Provided records:
********************

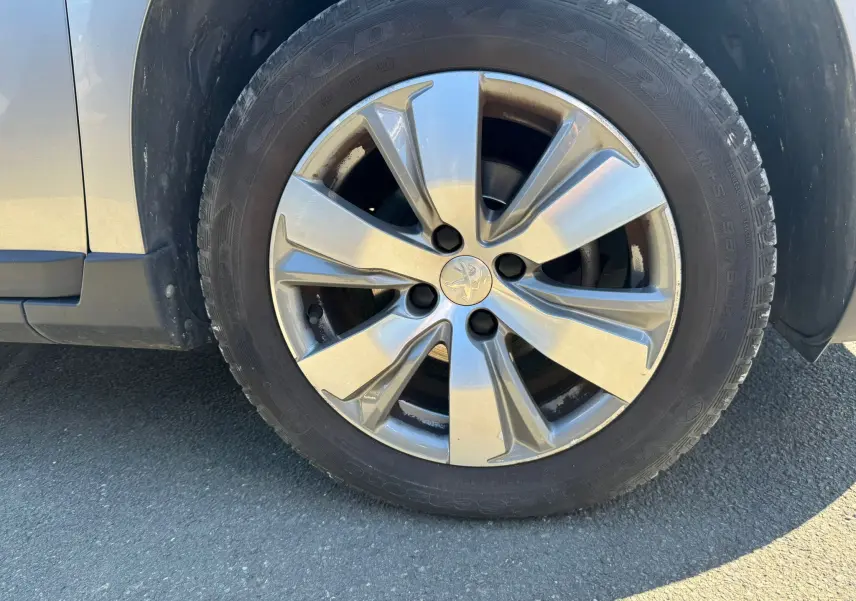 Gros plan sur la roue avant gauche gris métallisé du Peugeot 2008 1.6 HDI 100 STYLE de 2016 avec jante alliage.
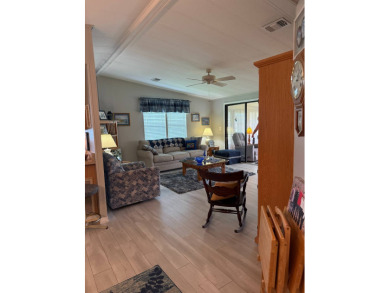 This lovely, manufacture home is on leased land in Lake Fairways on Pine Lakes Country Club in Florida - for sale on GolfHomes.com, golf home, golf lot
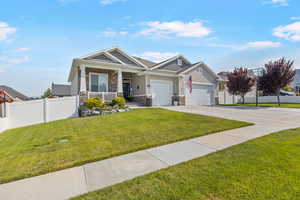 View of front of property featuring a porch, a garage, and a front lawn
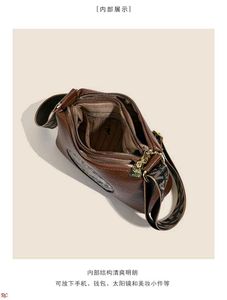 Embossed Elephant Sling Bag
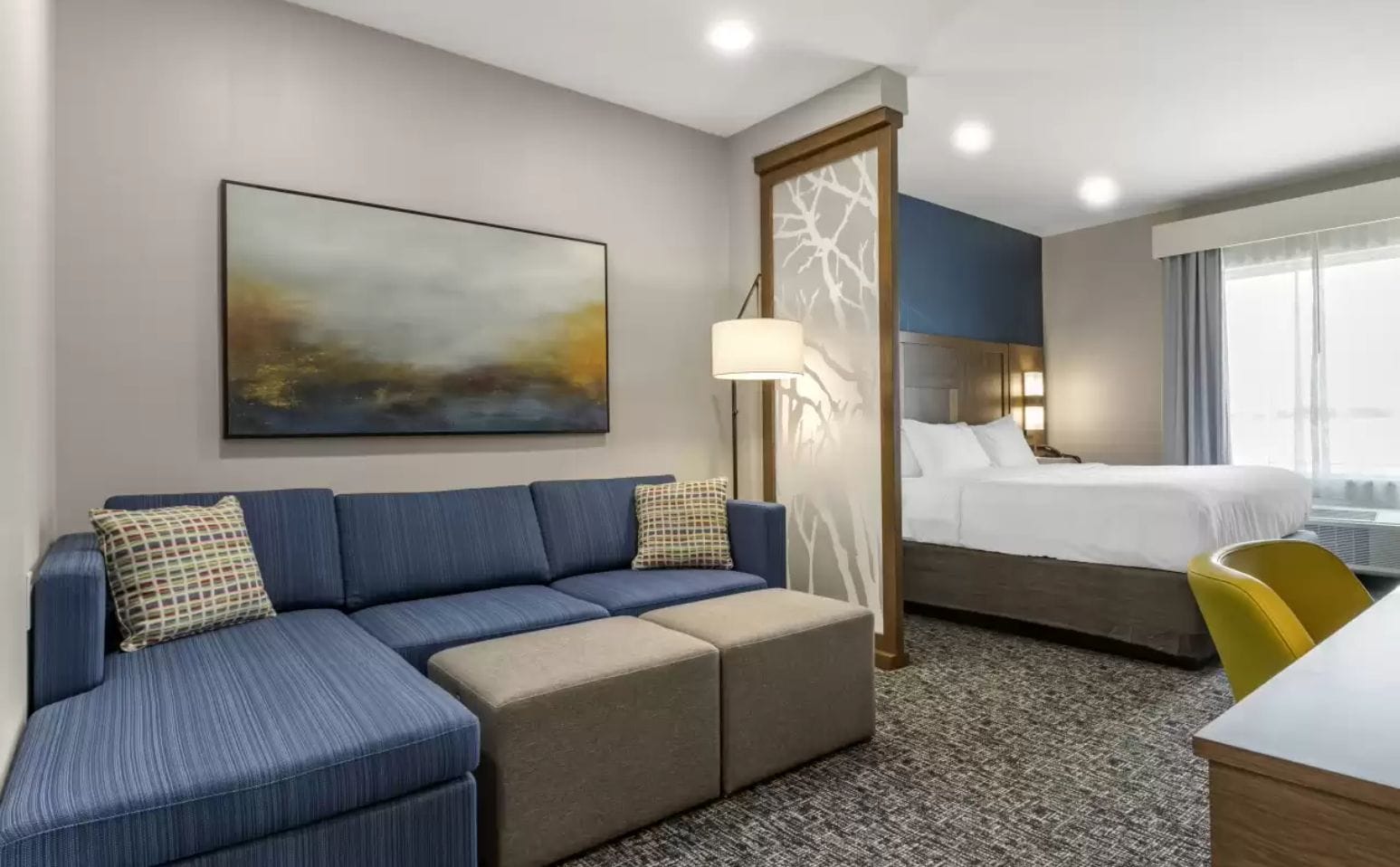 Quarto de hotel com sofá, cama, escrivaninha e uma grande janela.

********************

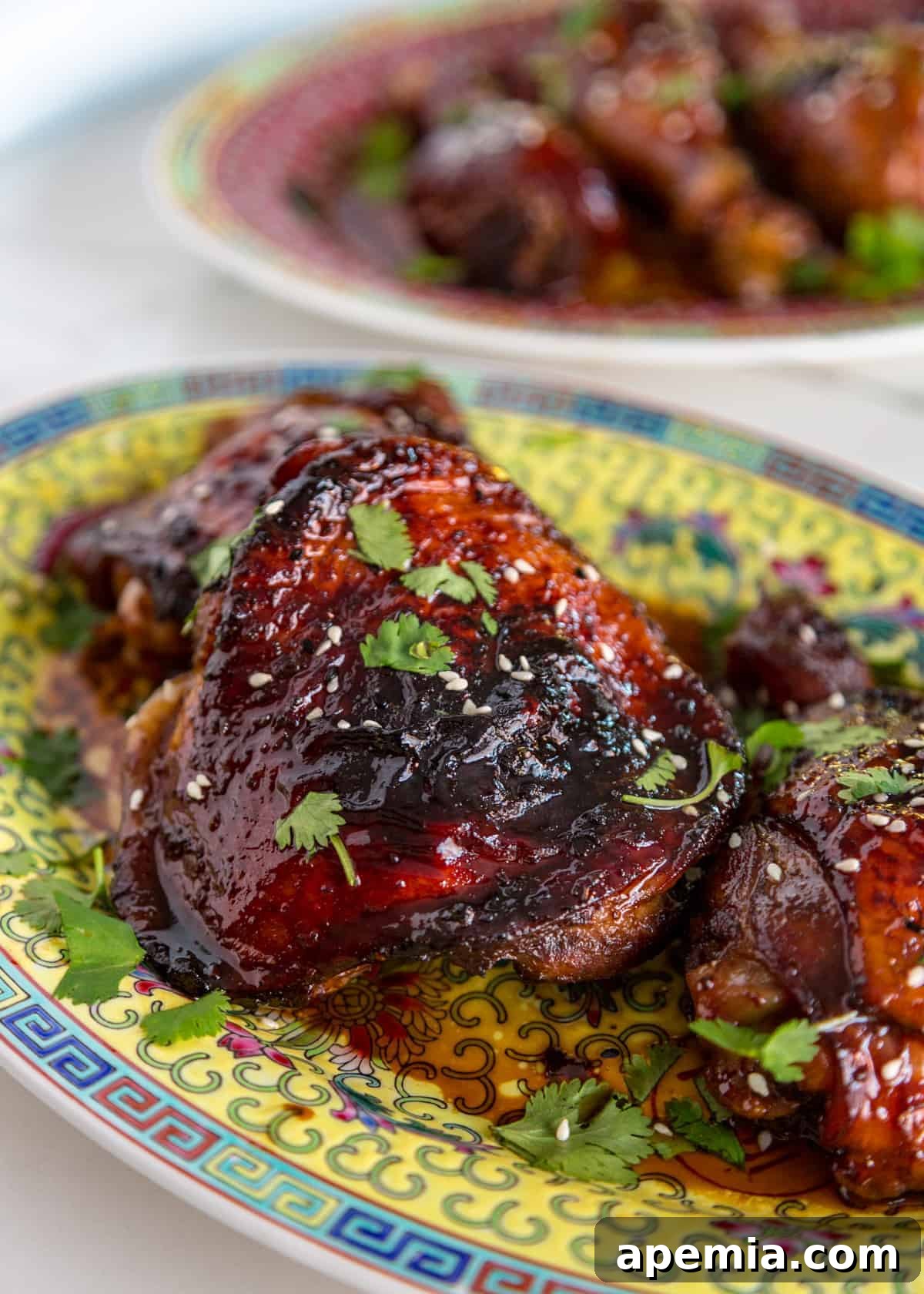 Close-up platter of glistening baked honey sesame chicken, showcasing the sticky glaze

********************

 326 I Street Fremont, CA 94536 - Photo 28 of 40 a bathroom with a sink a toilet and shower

********************

Exercise: Starting at the line containing "This lovely, manufacture" and finishing at the line containing "Quarto de hotel", return those lines exactly as they appear above, without the pictures.

Result of this exercise:
 This lovely, manufacture home is on leased land in Lake Fairways on Pine Lakes Country Club in Florida - for sale on GolfHomes.com, golf home, golf lot
 View of front of property featuring a porch, a garage, and a front lawn
 Embossed Elephant Sling Bag
 Quarto de hotel com sofá, cama, escrivaninha e uma grande janela.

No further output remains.